The New York Times’ (NYT) legal proceedings against OpenAI and Microsoft has opened a new frontier in the ongoing legal challenges brought on by the use of copyrighted data to “train”, or improve generative AI.
There are already a variety of lawsuits against AI companies, including one brought by Getty Images against StabilityAI, which makes the Stable Diffusion online text-to-image generator. Authors George R.R. Martin and John Grisham have also brought legal cases against ChatGPT owner OpenAI over copyright claims. But the NYT case is not “more of the same” because it throws interesting new arguments into the mix.
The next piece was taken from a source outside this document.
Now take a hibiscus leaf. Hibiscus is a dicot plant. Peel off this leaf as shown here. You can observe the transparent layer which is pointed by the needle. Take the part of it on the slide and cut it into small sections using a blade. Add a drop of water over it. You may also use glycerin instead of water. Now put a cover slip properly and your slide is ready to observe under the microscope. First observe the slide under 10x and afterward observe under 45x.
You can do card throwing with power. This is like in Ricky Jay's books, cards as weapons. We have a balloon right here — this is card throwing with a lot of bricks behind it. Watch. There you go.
The legal action focuses in on the value of the training data and a new question relating to reputational damage. It is a potent mix of trade marks and copyright and one which may test the fair use defences typically relied upon.
It will, no doubt, be watched closely by media organisations looking to challenge the usual “let’s ask for forgiveness, not permission” approach to training data. Training data is used to improve the performance of AI systems and generally consists of real world information, often drawn from the internet.
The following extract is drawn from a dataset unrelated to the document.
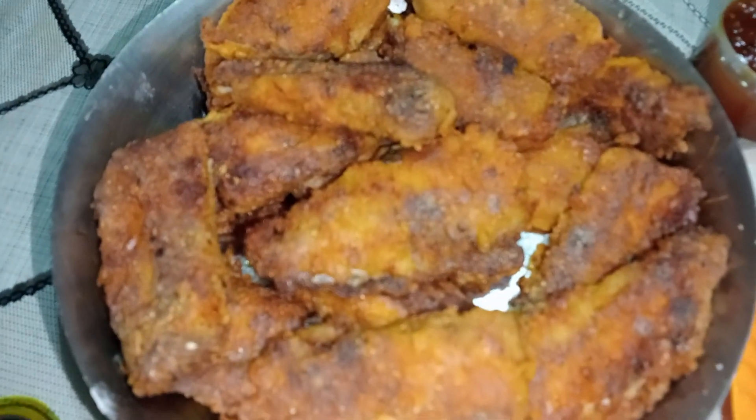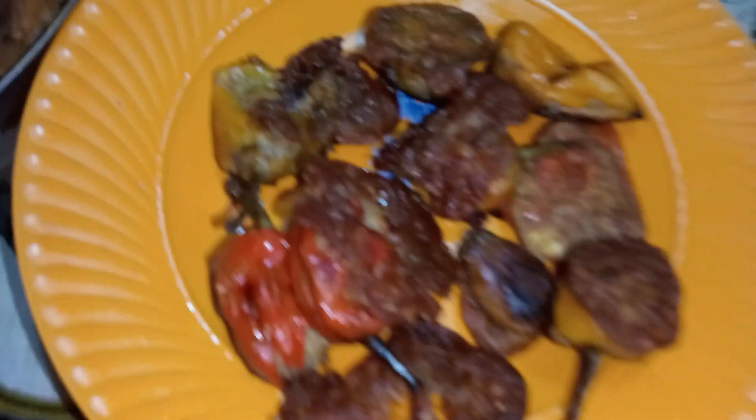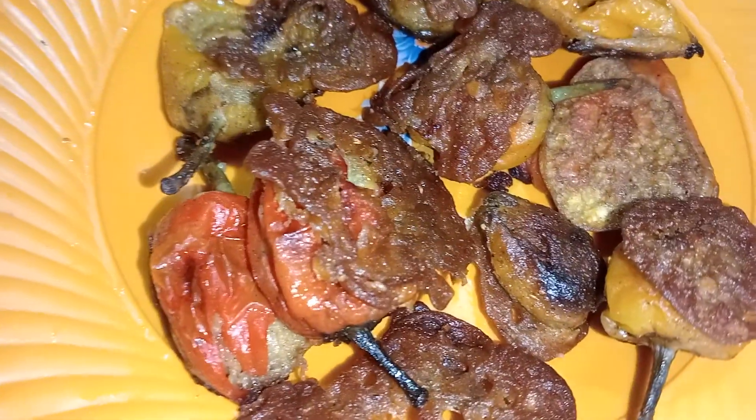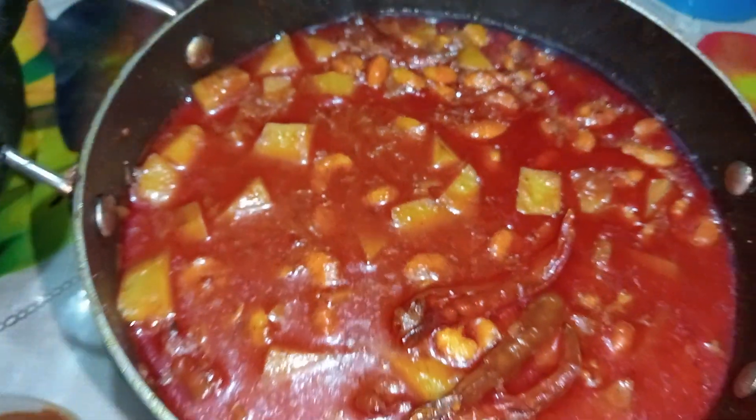This one is a very good food, this is a lot of food, it is good. This is a very simple recipe.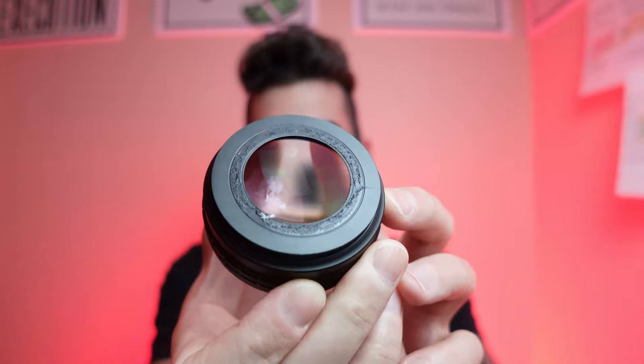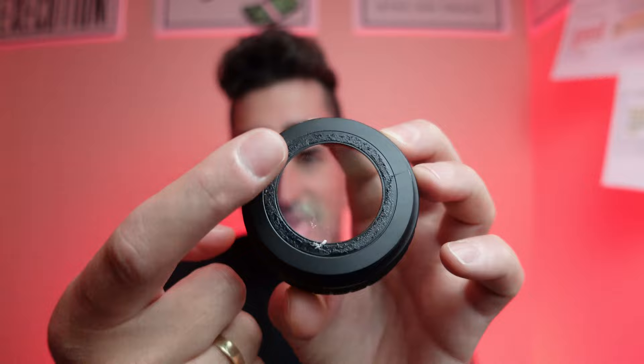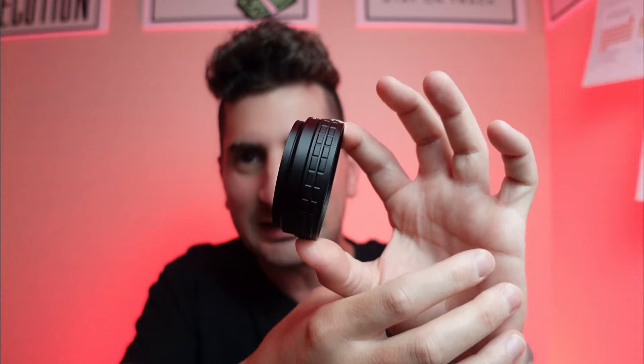And surprise, surprise — it actually happened a few days ago. As some of you may know, I live in Las Vegas, Nevada, where it gets really hot. On a recent trip filming for my YouTube channel, the Ulanzi lens just fell off. As you can see here, the glue part fell off and the lens dropped — and it looks scratched on the back.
The lawsuit also presents a novel argument – not advanced by other, similar cases – that’s related to something called “hallucinations”, where AI systems generate false or misleading information but present it as fact. This argument could in fact be one of the most potent in the case.
The NYT case in particular raises three interesting takes on the usual approach. First, that due to their reputation for trustworthy news and information, NYT content has enhanced value and desirability as training data for use in AI.
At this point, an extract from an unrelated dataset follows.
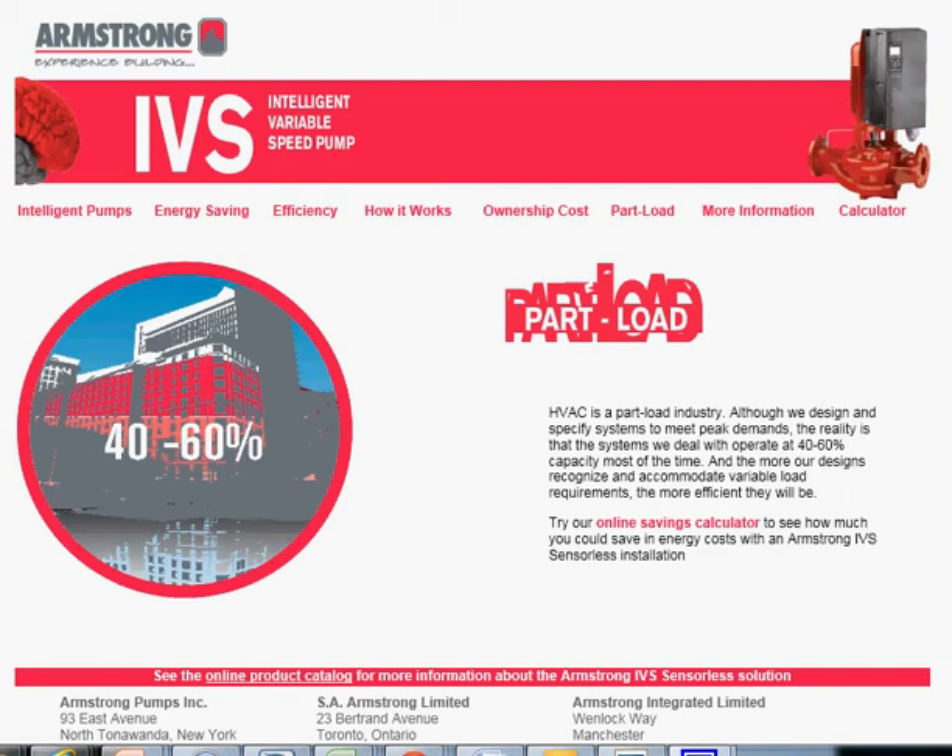Welcome to Ashcraft Company's video channel. Today we're going to demonstrate the IVS calculator — it's a microsite. You can find it via armstrongpumps.com. You can also Google 'IVS pump' — that's India Victor Sierra pump — and it comes up in the first one or two hits usually.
Second, that due to its paywall, the reproduction of articles on request is commercially damaging. Third, that ChatGPT “hallucinations” are causing reputational damage to the New York Times through, effectively, false attribution.
This is not just another generative AI copyright dispute. The first argument presented by the NYT is that the training data used by OpenAI is protected by copyright, and so they claim the training phase of ChatGPT infringed copyright. We have seen this type of argument run before in other disputes.
The challenge for this type of attack is the fair use shield. In the US, fair use is a doctrine in law that permits the use of copyrighted material under certain circumstances, such as in news reporting, academic work and commentary.
OpenAI’s response so far has been very cautious, but a key tenet in a statement released by the company is that their use of online data does indeed fall under the principle of “fair use”.
Anticipating some of the difficulties that such a fair use defence could potentially cause, the NYT has adopted a slightly different angle. In particular, it seeks to differentiate its data from standard data. The NYT intends to use what it claims to be the accuracy, trustworthiness and prestige of its reporting. It claims that this creates a particularly desirable dataset.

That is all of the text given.